__Your task__. Transcribe the records below word for word, leaving every picture out.

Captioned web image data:
☆ ☆ ☆
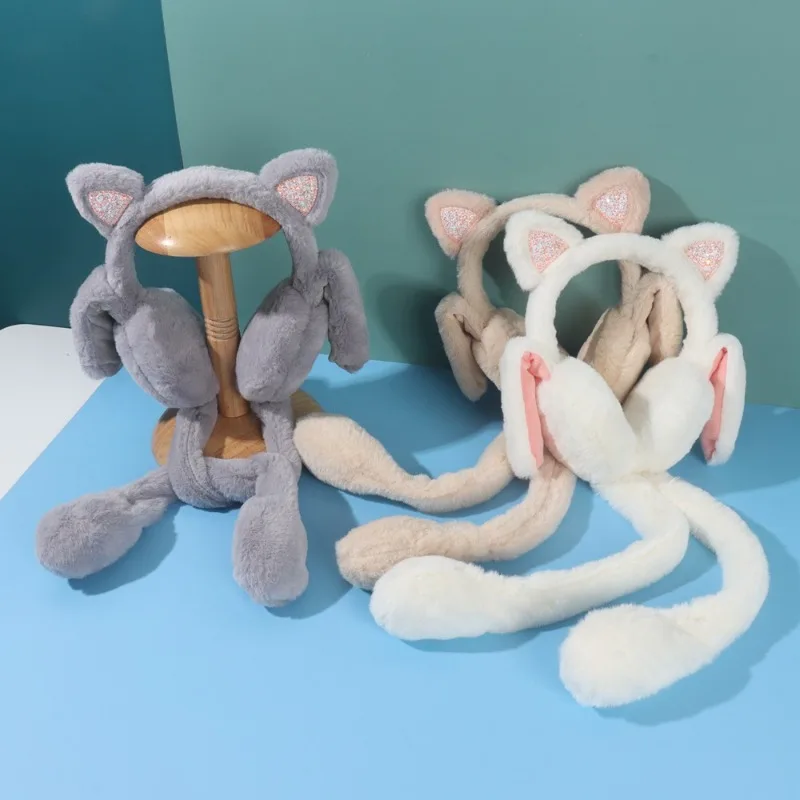 Warm earmuffs Funny plush cat ear shaped kids winter earmuff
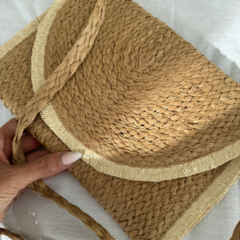 *New* Caja Sunrise - Cartera rafia & Collar baño oro 24k - comprar online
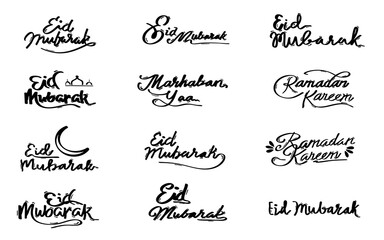 Eid mubarak Marhaban mubarak Ramadhan Kareem lettering collecting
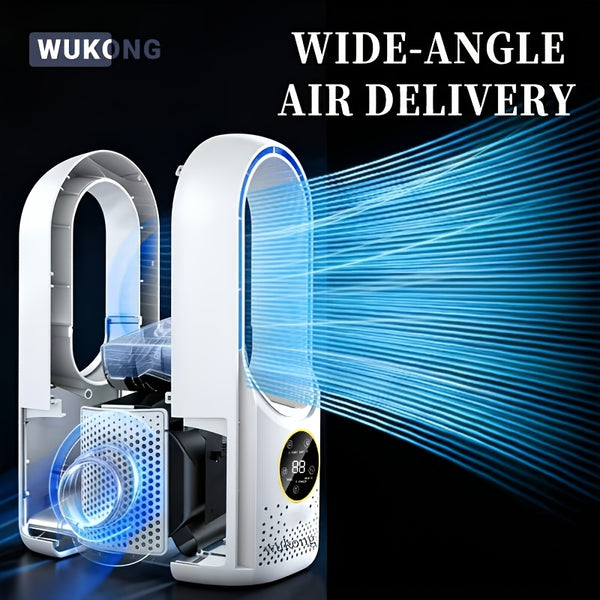 Leafless Portable Air Conditioner Fan, Safe And Hassle-Free with Bladeless Design, Six-Speed Quiet Cool Fan, 1-6 Hour Timer Shutoff, Built-In Humidification Function, Water And Ice Compatible, Suitable for Bedroom, Room, Office, Tent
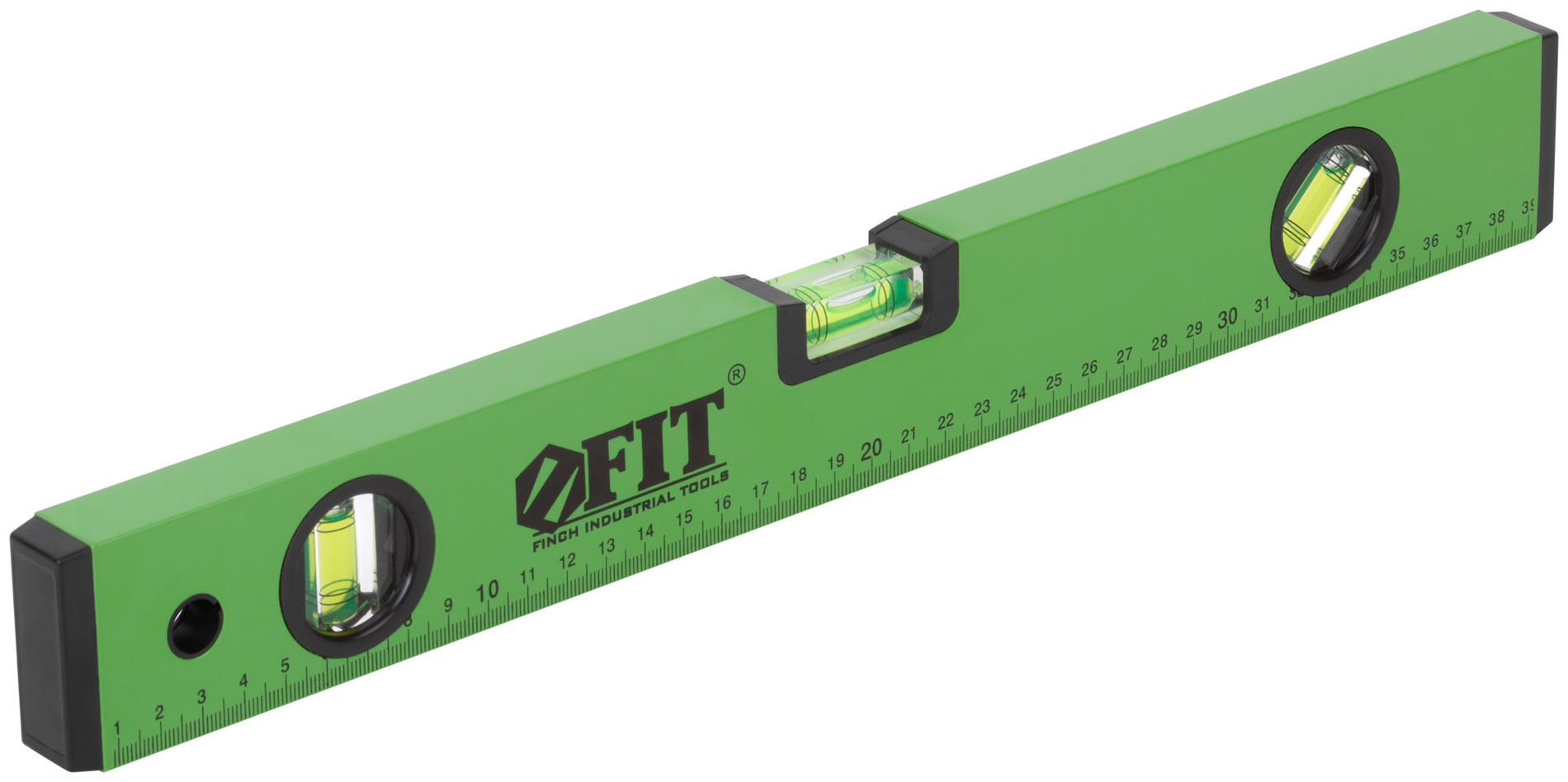Уровень Техно, 3 глазка, зеленый корпус, фрезерованная рабочая грань, шкала 400 мм (18114)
☆ ☆ ☆
__Reply to the exercise__.
 Warm earmuffs Funny plush cat ear shaped kids winter earmuff
 *New* Caja Sunrise - Cartera rafia & Collar baño oro 24k - comprar online
 Eid mubarak Marhaban mubarak Ramadhan Kareem lettering collecting
 Leafless Portable Air Conditioner Fan, Safe And Hassle-Free with Bladeless Design, Six-Speed Quiet Cool Fan, 1-6 Hour Timer Shutoff, Built-In Humidification Function, Water And Ice Compatible, Suitable for Bedroom, Room, Office, Tent
Уровень Техно, 3 глазка, зеленый корпус, фрезерованная рабочая грань, шкала 400 мм (18114)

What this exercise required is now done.